If you don't care too much about speed then you can do a version of it yourself (eg NFS or DBD or maybe even iSCSI).
Sure I can set up some NFS share between the servers and make it work, but this is kind a workaround.
However, NFS cloud service is maybe a good idea to a new Linode product? (Like NodeBalancer).
Okay. I'll take a look on GlusterFS
But this is very expensive, as for example 500GB storage, I need a Linode 32GB (such a waste of RAM and vCPU's) for getting enough storage, which will cost $320/mnd.
Properly 3-6x the price for 500GB storage at Amazon S3 (a bit difficult to calculate and compare, because it depends on amount of requests, in/out traffic etc).
I really love Linode. In general I find Linode competitive on their plans, especially because of the high quality service/stability/support. But on storage, not so much.
Trying to compare the cost of network-attached block storage to local storage is apples and oranges; the places that offer cheaper local storage tend to be dedicated servers where you're using lower-grade drives and managing your own RAID.
I know that Linode doens't offer this, so I'm just hoping this would change in the future.
Meanwhile, I think I'll look at integrating with Google Storage, so I can offshore some of my files there.
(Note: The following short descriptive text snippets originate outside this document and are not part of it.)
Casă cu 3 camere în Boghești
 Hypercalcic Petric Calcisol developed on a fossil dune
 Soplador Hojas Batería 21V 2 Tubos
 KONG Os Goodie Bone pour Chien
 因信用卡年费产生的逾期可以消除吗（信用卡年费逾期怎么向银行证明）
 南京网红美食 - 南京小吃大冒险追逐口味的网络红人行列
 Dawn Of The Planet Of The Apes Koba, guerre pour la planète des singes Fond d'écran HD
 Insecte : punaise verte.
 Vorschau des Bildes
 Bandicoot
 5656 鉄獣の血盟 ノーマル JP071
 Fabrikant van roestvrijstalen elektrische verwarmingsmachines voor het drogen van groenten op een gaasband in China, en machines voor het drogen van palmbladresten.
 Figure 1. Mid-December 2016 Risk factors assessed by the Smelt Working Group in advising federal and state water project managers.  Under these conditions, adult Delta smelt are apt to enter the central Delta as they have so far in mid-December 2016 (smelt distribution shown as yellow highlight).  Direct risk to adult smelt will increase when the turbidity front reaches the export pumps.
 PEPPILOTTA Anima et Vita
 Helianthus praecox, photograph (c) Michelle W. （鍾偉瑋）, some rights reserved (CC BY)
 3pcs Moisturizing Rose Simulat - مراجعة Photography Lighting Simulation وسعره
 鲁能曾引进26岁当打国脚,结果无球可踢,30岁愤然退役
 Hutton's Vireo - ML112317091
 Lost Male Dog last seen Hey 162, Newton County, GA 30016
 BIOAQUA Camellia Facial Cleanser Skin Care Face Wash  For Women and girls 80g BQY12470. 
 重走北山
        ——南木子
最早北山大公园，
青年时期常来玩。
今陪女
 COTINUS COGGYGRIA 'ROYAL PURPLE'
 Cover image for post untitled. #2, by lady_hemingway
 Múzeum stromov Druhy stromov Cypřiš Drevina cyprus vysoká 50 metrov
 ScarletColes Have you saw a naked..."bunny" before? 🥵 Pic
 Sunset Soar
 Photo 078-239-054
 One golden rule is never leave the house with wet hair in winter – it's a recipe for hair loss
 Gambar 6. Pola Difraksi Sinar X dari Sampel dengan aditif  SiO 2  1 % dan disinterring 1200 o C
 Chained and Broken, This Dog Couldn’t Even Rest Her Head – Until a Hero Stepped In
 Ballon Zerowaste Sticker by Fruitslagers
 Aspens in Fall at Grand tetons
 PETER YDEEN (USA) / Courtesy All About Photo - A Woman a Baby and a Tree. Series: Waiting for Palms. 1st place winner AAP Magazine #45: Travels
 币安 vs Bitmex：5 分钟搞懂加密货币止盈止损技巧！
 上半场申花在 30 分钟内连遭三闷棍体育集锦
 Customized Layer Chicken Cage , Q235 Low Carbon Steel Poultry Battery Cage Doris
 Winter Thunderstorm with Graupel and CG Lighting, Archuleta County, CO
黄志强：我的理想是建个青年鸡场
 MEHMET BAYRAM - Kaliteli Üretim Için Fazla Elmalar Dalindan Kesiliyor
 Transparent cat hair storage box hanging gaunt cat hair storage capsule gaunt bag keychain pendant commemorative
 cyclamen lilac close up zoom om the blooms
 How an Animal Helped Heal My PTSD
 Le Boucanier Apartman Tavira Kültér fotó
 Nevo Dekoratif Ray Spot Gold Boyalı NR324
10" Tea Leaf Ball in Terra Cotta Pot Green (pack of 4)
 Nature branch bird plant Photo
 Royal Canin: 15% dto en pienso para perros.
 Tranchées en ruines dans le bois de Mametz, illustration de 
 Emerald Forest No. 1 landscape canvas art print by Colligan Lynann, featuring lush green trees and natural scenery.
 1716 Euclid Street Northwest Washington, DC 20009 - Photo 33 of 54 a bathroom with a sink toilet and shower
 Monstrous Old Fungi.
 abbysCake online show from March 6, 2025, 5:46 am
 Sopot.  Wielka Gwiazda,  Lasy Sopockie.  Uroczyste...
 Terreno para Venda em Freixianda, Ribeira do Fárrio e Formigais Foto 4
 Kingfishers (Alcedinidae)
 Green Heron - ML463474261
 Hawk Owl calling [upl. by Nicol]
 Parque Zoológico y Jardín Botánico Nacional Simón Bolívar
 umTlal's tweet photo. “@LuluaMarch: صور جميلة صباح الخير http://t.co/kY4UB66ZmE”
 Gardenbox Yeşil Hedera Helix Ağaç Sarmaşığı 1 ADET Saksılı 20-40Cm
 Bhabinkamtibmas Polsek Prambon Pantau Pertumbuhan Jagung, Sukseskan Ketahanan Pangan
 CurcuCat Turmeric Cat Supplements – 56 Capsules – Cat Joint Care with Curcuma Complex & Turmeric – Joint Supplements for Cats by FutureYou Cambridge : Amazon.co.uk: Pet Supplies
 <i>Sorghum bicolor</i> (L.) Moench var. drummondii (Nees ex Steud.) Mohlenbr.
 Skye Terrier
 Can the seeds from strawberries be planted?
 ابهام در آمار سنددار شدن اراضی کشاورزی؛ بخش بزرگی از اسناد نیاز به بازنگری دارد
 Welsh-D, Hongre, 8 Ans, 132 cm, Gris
I'd expect that the data on the hosts is at least mirror-RAID'ed (or ZFS or something like that), so in case of disk crash (which I guess is the most common hardware failure in serveres these days), the service can continue without big downtime.
AFAIK (and it always was, before the migration to SSDs) it's RAID 10 – striping for speed, mirroring for redundancy. Still, if the disk controller fails and writes crap to all the disks, you're still screwed.